» **Exercise objective**:
Exactly as they appear, please output the lines from the one with "Number two, a" through the end of the material, without pictures.

[Data segment Boundary: Start]

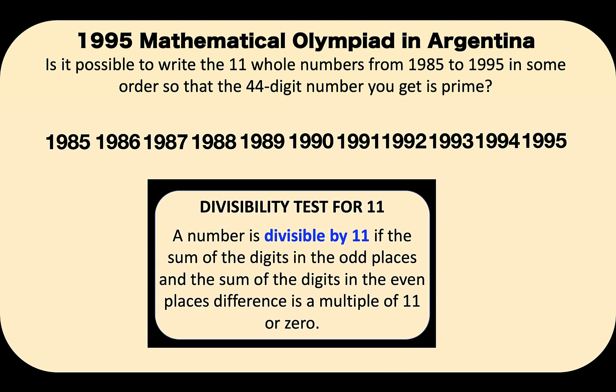Now let's solve this problem together. In order to answer this, let's recall our divisibility test for 11. A number is divisible by 11 if the sum of the digits in the odd places and the sum of the digits in the even places have a difference that is a multiple of 11 or 0. So we want to find the sum of the digits in the odd places and the sum of the digits in the even places, and check whether their difference is divisible by 11 or is 0.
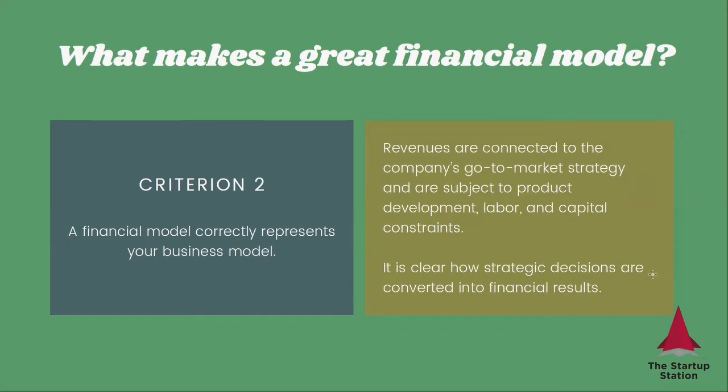Number two, a financial model correctly represents your business model, which means that your revenues are connected to the company's go-to-market strategy and are subject to product development, labor, and capital constraints. It is clear how strategic decisions are converted into financial results.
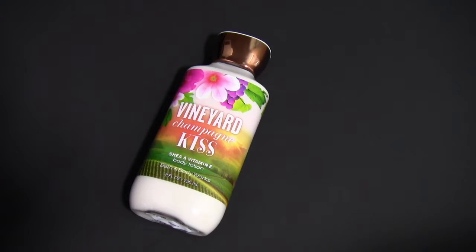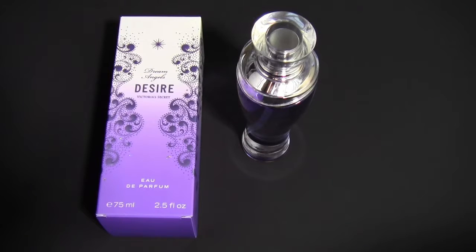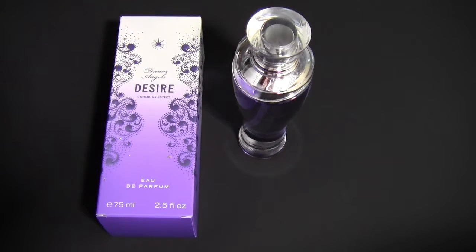Bath and Body Works currently have a sale going on, so I decided to purchase the Vineyard Champagne Kiss Body Lotion. Victoria's Secret is also having a sale and so I decided to pick up the Dream Angels Desire perfume. I've already used this perfume twice and it smells really really good.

[Data segment Boundary: End]

» **Output for this exercise**:
Number two, a financial model correctly represents your business model, which means that your revenues are connected to the company's go-to-market strategy and are subject to product development, labor, and capital constraints. It is clear how strategic decisions are converted into financial results.
Bath and Body Works currently have a sale going on, so I decided to purchase the Vineyard Champagne Kiss Body Lotion. Victoria's Secret is also having a sale and so I decided to pick up the Dream Angels Desire perfume. I've already used this perfume twice and it smells really really good.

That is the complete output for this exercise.